Tyler's family takes me to the mall with them. Once again I hated being there. I didn't like the crowd, the noise, the space, the walking or the smell, I wished I was just home and in my bed asleep. I love being with Tyler, he makes me happy, but just the mall...err I hated it. Everywhere we go together I can't stand it.
I hate being alone, yet I stay in my room all day on my little computer doing my little internet things...I don't bother getting up to eat, and I'm never really get hungry anyway. I go to sleep in the mornings and wake up in the evenings, then get back online. I'm just waiting for Tyler call me or someone. I do hate it though when I pick up the phone and hear any other voice than his and I often say I need to go and I really don't.
When I did go to school, I had people talking to me, everywhere I turned someone I didn't know would walk up to me and say hi, talk to me for a second, I'd say hi and ignore everything else. I talked to my teachers more than I did the students and I sat alone and laid my head down during lunch, but then everyone comes over and sits beside me. They chatter and I put my 2 cents in sometimes.
Three months into the school year I had my tray dumped on my head by a oversized black chick and I knew I couldn't do shit without just getting my ass kicked, so I got up and took my chili covered over shirt off then walked away to the bathroom and cleaned my hair and of all the cafe food I'm almost glad I didn't eat. I got 3 days out of school suspendion and a well done from the staff. I spent that whole 3 days answering phone calls and questions all the same, 'what happened' and 'what did i do?' I had my tray of food dumped on me and I didn't do anything.
I came back to school and got alot of attendion and gossip...nothing bad just alot of "you should of punched her" and "why didn't you punch her?" As I have said before I would of got my ass kicked.
I'm somehow remembered as a tough chick and fighter...I beat up two people in my life and they were really bad fights but nothing to carry out as long as it did.
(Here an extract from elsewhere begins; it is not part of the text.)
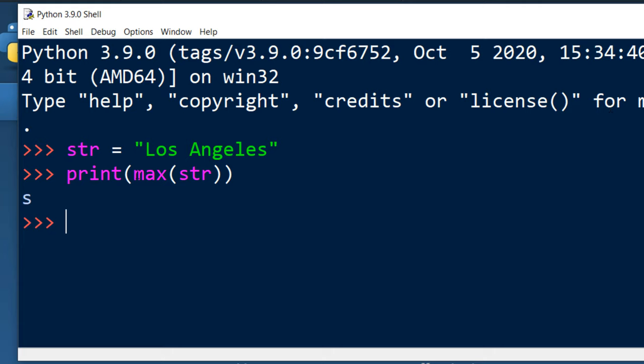And as you can see, by using this max function, we got the highest ranked character in the alphabet.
I do appear stronger and rather "large" when compared to any of the other girls but I am older and I have been known to grow faster (I was the only girl in the third grade wearing a bra...). I weighed 115lbs, nothing large about that I don't think...but the teachers said that probably why she picked me to bother. The girl wanted a fight in front of the whole grade and she didn't get one. She got a ticket and safe school, which sucked because thats where I wanted to be (Tyler also in safe school). I never thought much of it but it was made into a huge deal by everyone, then I just got really annoyed by the attention.
Shortly after I started homeschooling because a had some 'acid reflux' problem that hurt like hell and caused me to miss alot of school. Missing too many days od school=social services dealing with me and my family. That worked out so nicely to give a scare to me and family....I stay home all day and I really don't do the school part . I'm going to fail again and I don't care that much...
Tyler got in trouble again, I don't know whats going to be happening about that...I'll probably start my next year of school as unknown and by my self...kinda happy about that, but I want Tyler to be with me...
I saw Sid & Nancy the other day for the first time and it's scary how well that descibes me and Tyler. Minus all the drugs and you have another movie and it could be called "Mandy & Ty"....how nice? another example of love kills.